■ **What you are asked to do**
Copying rule for the data below: pictures stay out, and only the lines from the one with "a bed in a bedroom" down to the one with "a bedroom with a bed with", inclusive, are repeated exactly.

START Provided data

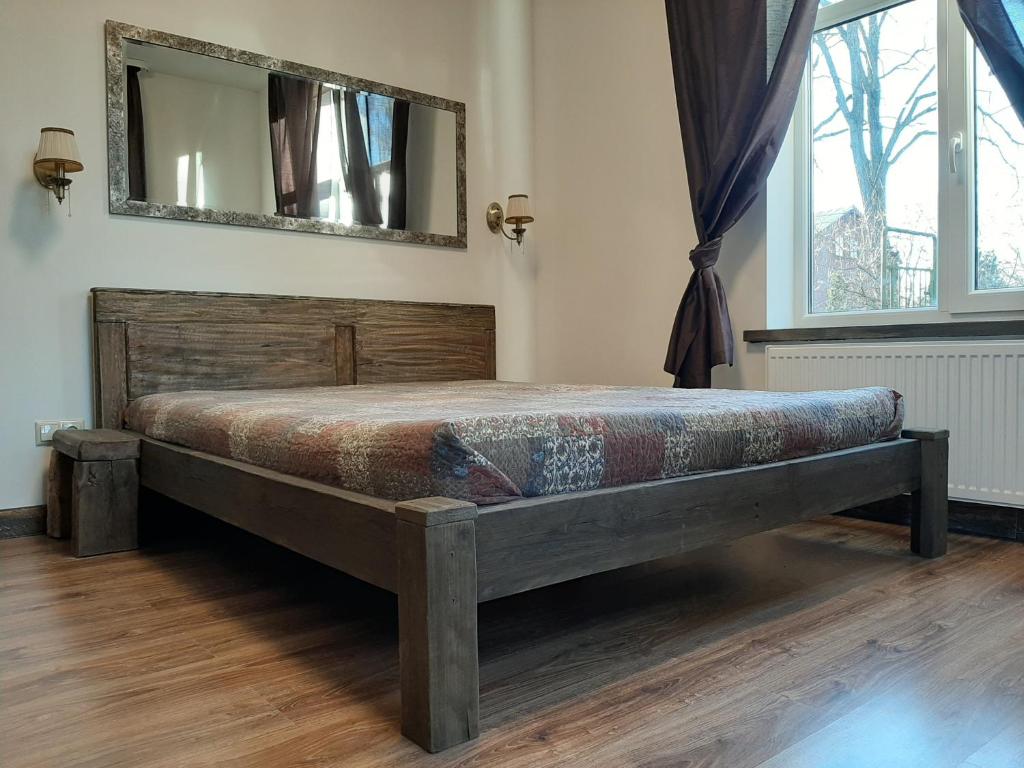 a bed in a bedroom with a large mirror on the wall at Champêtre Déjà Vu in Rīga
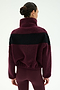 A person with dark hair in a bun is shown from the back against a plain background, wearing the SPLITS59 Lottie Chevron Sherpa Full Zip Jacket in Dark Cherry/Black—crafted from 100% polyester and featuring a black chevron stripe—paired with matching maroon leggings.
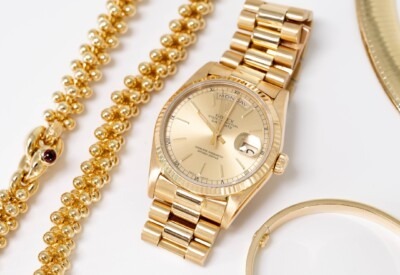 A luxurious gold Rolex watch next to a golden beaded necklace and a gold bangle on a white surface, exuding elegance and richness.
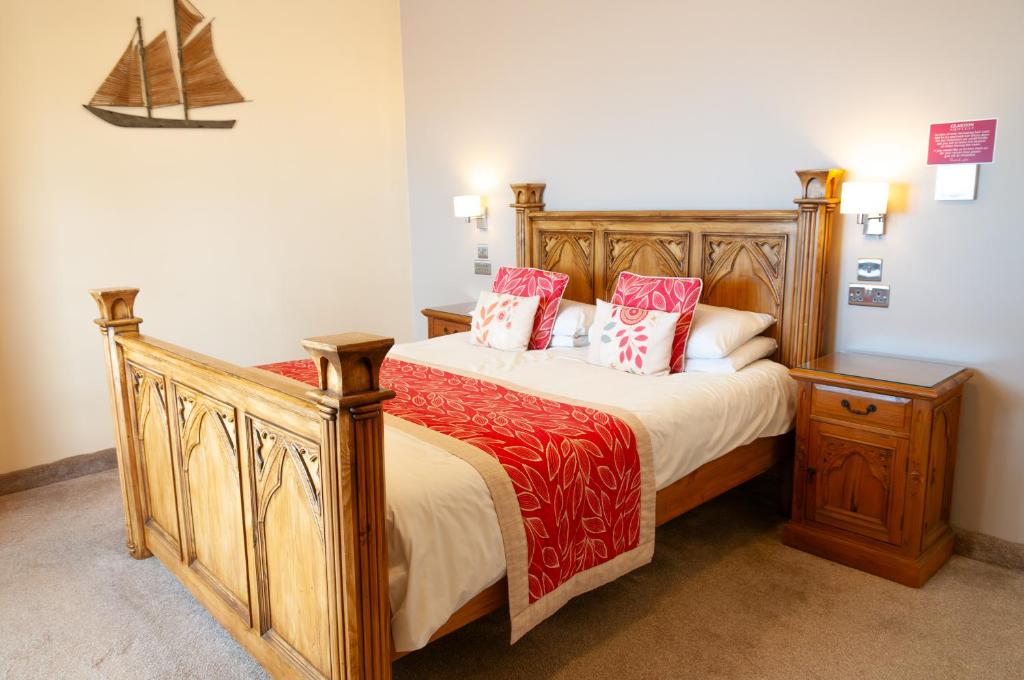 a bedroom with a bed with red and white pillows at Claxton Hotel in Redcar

END Provided data
START Provided data

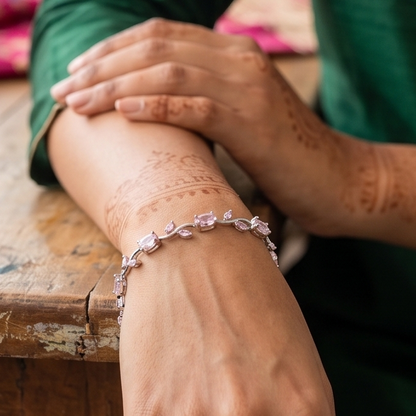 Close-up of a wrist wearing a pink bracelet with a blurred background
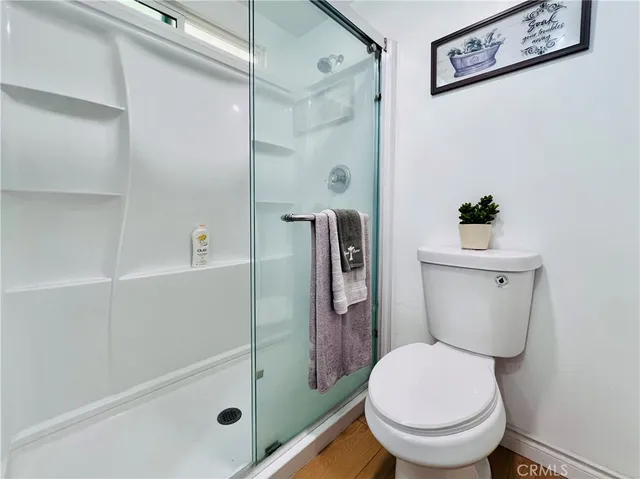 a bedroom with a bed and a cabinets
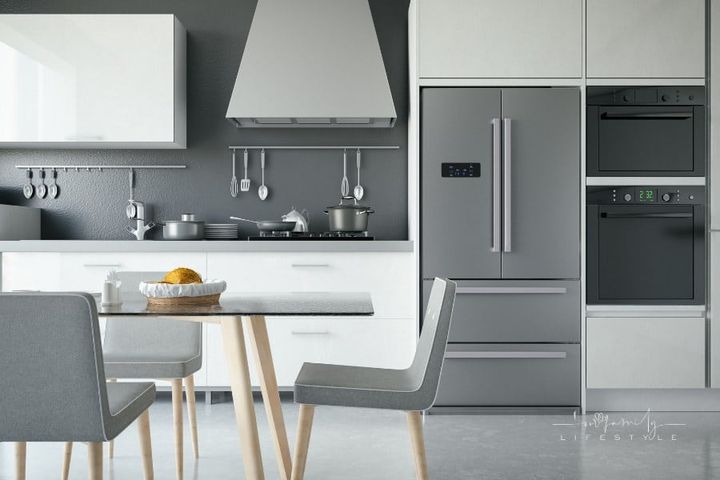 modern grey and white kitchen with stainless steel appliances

END Provided data

■ **Reply**
 a bed in a bedroom with a large mirror on the wall at Champêtre Déjà Vu in Rīga
 A person with dark hair in a bun is shown from the back against a plain background, wearing the SPLITS59 Lottie Chevron Sherpa Full Zip Jacket in Dark Cherry/Black—crafted from 100% polyester and featuring a black chevron stripe—paired with matching maroon leggings.
 A luxurious gold Rolex watch next to a golden beaded necklace and a gold bangle on a white surface, exuding elegance and richness.
 a bedroom with a bed with red and white pillows at Claxton Hotel in Redcar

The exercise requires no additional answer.